В частности, он писал:

«Вы дали мне возможность осуществить два давних заветных желания. Первое: иметь в клинике библиотеку для больных. Второе: вместо одинаково серых халатов, похожих на тюремные, усиливающих уныние, — дать больным приятные для глаз домашнего вида халаты и пижамы».

Как видите, сорок шестой год начался и шел, окрыляя, неся удачу за удачей. Алексей Платонович писал Сане и Нине веселые письма. Сообщал о том, что жизнь прекрасна и удивительна. Сообщал, что даже его аневризма присмирела. И в каждое письмо вставлял чтонибудь занятное.

К примеру, как после лекции к нему подошел милый юноша, из тех, кто жаждет знаний, но школьные годы провел в лесах, был партизаном-героем. Он подошел и рассказал:

«Вчера мне завернули колбасу в книжную страницу.

Там было написано про одного Аристотеля. Мне понравилось, как правильно он рассуждает. Только Аристотель не знал, что он идет по нашему пути».

У Алексея Платоновича даже появилась практическая возможность заняться гюрзой. Он просил Саню в одном из писем:

«Если будешь в экспедиции там, где водятся гюрзы, постарайся поймать мне — две. Хватать их надо у головки расщепленной палкой или щипцами. Кормить — полевыми мышами или лягушками и давать пить. При пересылке по почте сначала надо опустить змею в чулок, край чулка завязать узлом и уложить в деревянный ящик, просверлив дырочки, чтобы не задохлись. Но лучше, чем ловить самому, поручи местному жителю, он сделает это ловчее. И не возись со змеями долго, поскорей отправь посылку мне в клинику.

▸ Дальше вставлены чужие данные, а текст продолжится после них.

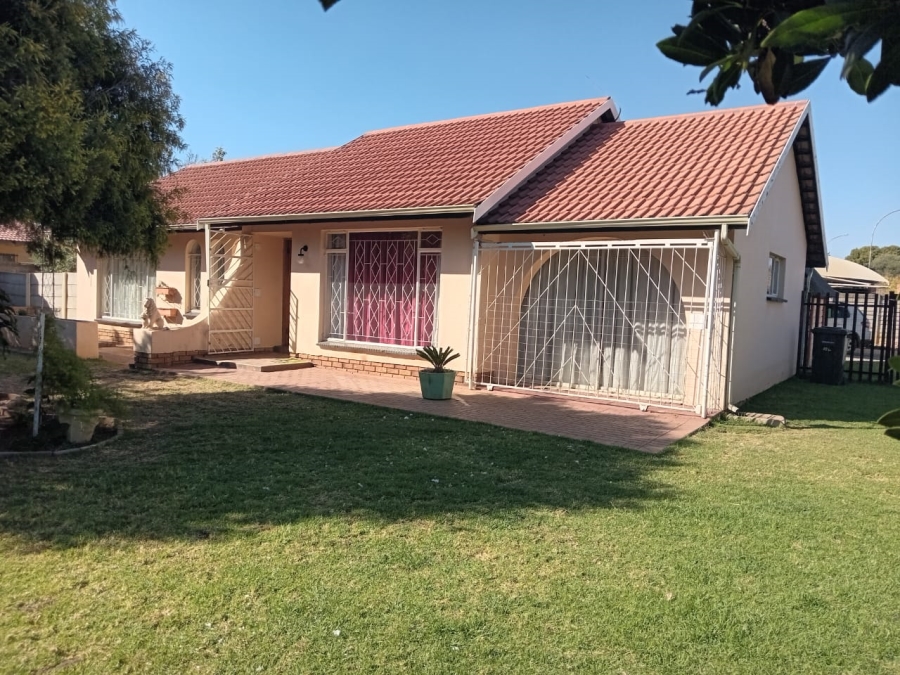 4 Bedroom Property for Sale in Crystal Park Gauteng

Мама и я рады, что после военных фильмов ты хочешь вернуться на избранный ранее путь. Попытки проникнуть в историю любой жизни принесут тебе прекрасные плоды».

2

По вечерам Саня и Нина занимались сценарием «История карикатуры». А днем на студии Саню загружали пересъемками неудачных эпизодов в чужих фильмах, иначе говоря, бросали на выручку, и обещанная ему желанная работа все отдалялась.

Как-то в конце августа он пришел домой, дал спокойно пообедать Нине и себе, прочитал новые страницы сценария, обсудил их с нею, затем сказал:

— Любим, меня срочно включили в группу… Будем снимать в Севастополе военный фильм. Пропуска оформляются. Ехать — не хочется.

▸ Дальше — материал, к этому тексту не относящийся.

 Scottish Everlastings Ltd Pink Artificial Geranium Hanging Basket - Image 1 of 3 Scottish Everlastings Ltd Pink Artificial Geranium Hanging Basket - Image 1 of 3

Третьего сентября он вылетел со съемочной группой в Севастополь.

Тринадцатого сентября Нину навестил Левушка. Они заболтались допоздна, до «послетрамвайного времени», и ему пришлось заночевать.

А четырнадцатого утром Нине принесли телеграмму:

«Ваш муж больнице состояние тяжелое срочно приезжайте». Подписи она не дочитала. Она начала лихорадочно собираться:

— Паспорт, деньги. Успеть. Успеть за билетом.

— Нужен пропуск, Нина.

— Пропуск — долго. Дадут без… За всю войну не было… Билет должны по телеграмме… Ни разу не было за него так…

По телеграмме билет на самолет не дали. Объяснили, что без пропуска все равно в Севастополь не пустят и лучше брать билет, имея пропуск.

Пропуск ей оформили куда быстрей, чем съемочной группе, но в кассе ответили:

— На сегодняшний самолет опоздали. «Ленинград — Симферополь» отправился в одиннадцать тридцать.

За стеклянной загородкой кассы — часы. Нина посмотрела на них:

«Четыре тридцать. Это шестнадцать тридцать», — и посинела. Ее пронизало ледяным сквозняком, как ледяной иглой.

Был теплый, ласковый день бабьего лета. Светило солнце, играло на стеклах касс, в помещении было душно.

Она прижалась плечом к брату:

— Холодно, Левушка. Как страшно холодно.

Кратчайший путь в Севастополь продолжался десять

часов самолетом до Симферополя, а оттуда — четырепять часов поездом.